UK inflation is already at a 30-year high and expected to rise further, with a peak rate close to 9% in Q4. Rising commodity prices and import costs in the UK, and especially the high costs of imported energy, are driving inflation rates even higher. A tighter fiscal policy and consecutive rate hikes though may stifle the country’s economy, forcing the BOE to perform a balancing act between bringing inflation under control and allowing for economic growth.

GBPUSD 1hr chart



The Yen traded sideways against the dollar on Thursday, with the USD/JPY rate fluctuating around the 123.8 level. The USD/JPY is following an uptrend and if it rises further, it may encounter resistance at the 2015 high of 125.1. If the USD/JPY declines, support might be found near the 118 level and further down at 114.8. 
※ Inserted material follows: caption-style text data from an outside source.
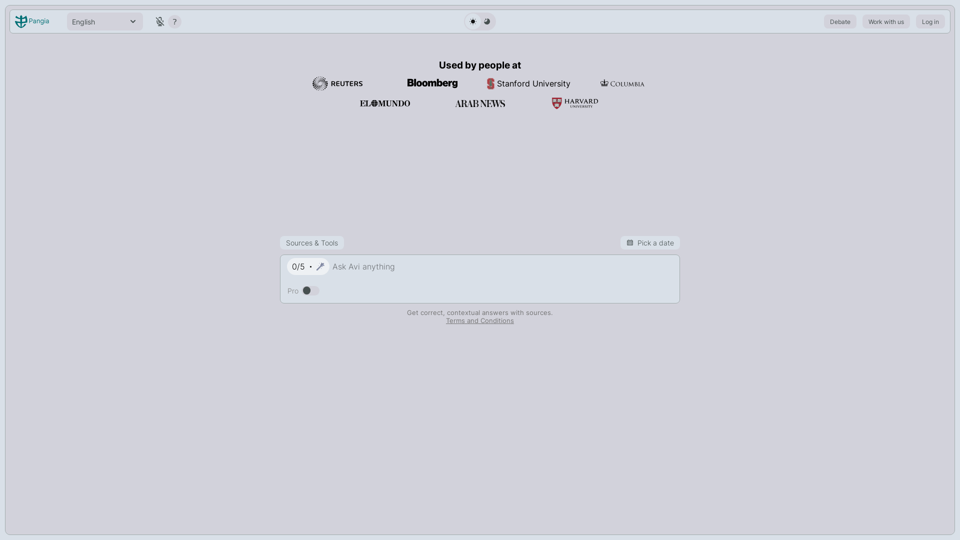Pangia screenshot
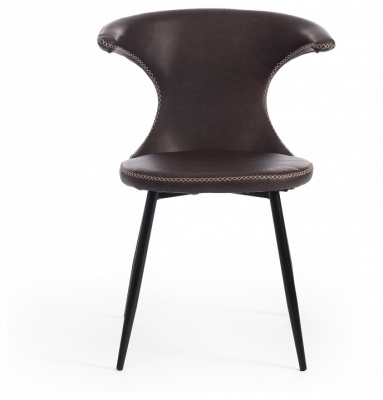 Стул FLAIR (mod. 9020) экокожа/металл, 60 х 56 х 78 см , коричневый 1/черный  (поставляется по 4 шт). Фото №2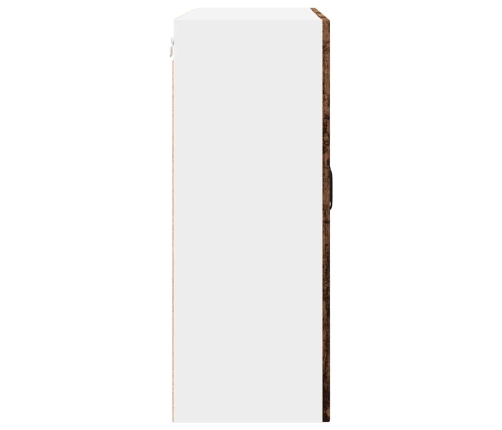 Virtuves Sienas Skapītis Ar Plauktu Vecs Koks 80 X 31 X 80 Cm Vidaxl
The safe-haven dollar was boosted these past few days by reports of renewed hostilities in Ukraine and new sanctions on Russia. The Yen is also considered a safe-haven currency but has not been affected as much as other safe-haven assets by the crisis in Ukraine, and many investors have been doubting its safe-haven status. 
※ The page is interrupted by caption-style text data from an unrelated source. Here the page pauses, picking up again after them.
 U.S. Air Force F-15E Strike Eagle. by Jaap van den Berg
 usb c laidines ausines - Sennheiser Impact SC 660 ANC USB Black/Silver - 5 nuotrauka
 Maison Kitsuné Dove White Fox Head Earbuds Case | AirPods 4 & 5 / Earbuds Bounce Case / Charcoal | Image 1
On Thursday, a monthly composite index of 11 economic indicators was released for Japan that can predict the direction of the economy and show the country’s economic health status. These were higher than last month, providing a little support for the currency.

Bank of Japan Governor Haruhiko Kuroda, commented on Tuesday on the weakening Yen, expressing concern that recent yen moves have been somewhat rapid. Kuroda however, reiterated the benefits of a weaker Yen especially to Japan’s exports, although he acknowledged the added burden of the weak currency on households. Overall, his statements were considered to be in favor of the weak yen, although the BOJ will be monitoring the currency for sudden fluctuations.
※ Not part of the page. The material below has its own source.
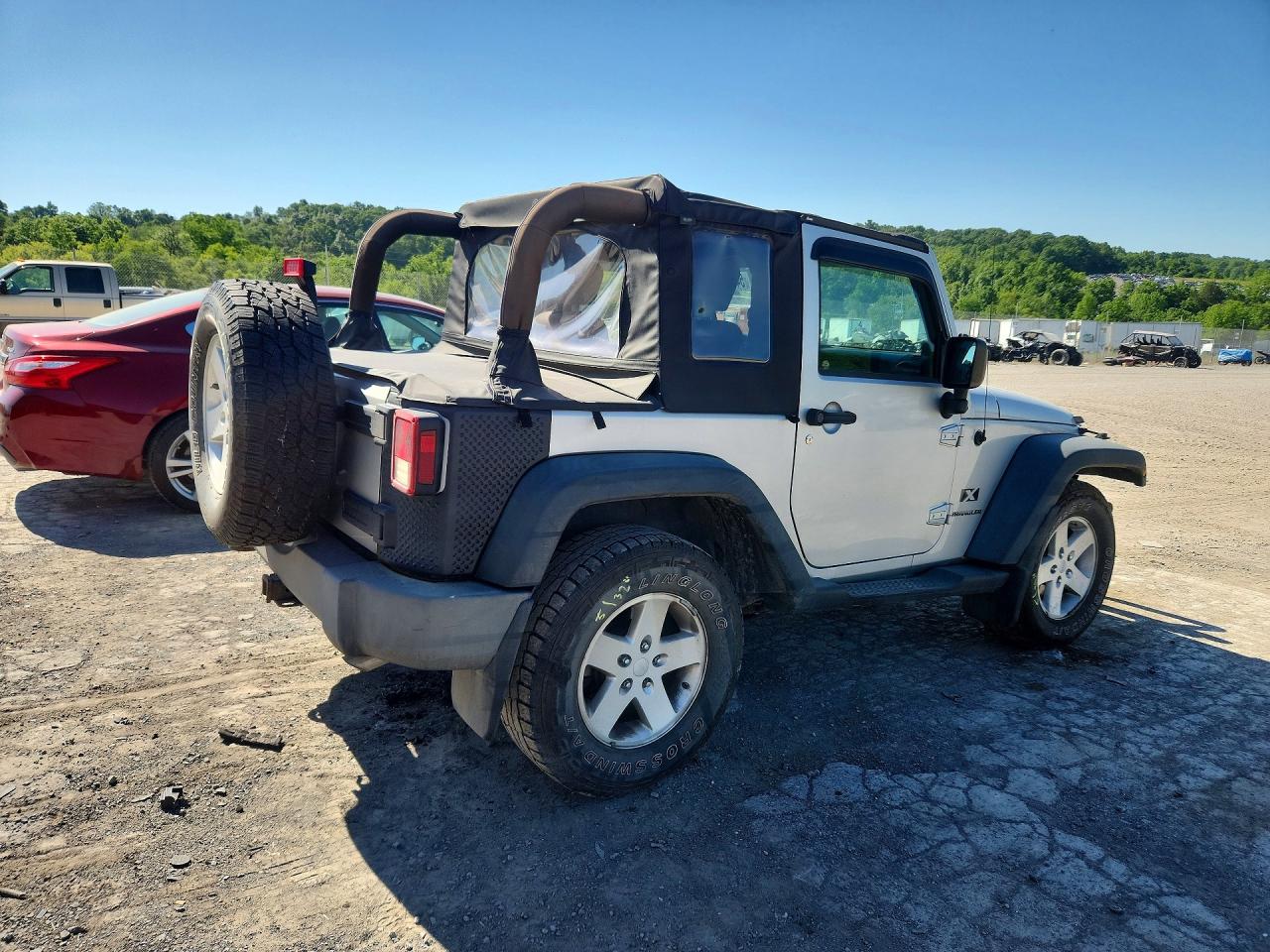 2009 Jeep Wrangler X Silver vin: 1J4FA24159L718087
In the past few months, the Yen has been affected primarily by the BOJ’s fiscal policy. In its latest monetary policy meeting in March, the Bank of Japan maintained its ultra-accommodating monetary policy and did not raise its negative interest rate from -0.10%. The difference in interest rates with other major Central Banks, especially with the Fed and the BOE, puts the Yen at a disadvantage driving its price down.

Japan’s core CPI may climb around 2% in April, similar to other countries that are expected to see a peak in inflation rates around the same time, largely due to the effect of the increase in oil prices. Japan is a net energy importer and the current energy crisis is damaging the country’s terms of trade and overall economic health. The rising cost of oil is causing goods prices to rise in Japan, with oil imports accounting for 80% of the country’s oil consumption. 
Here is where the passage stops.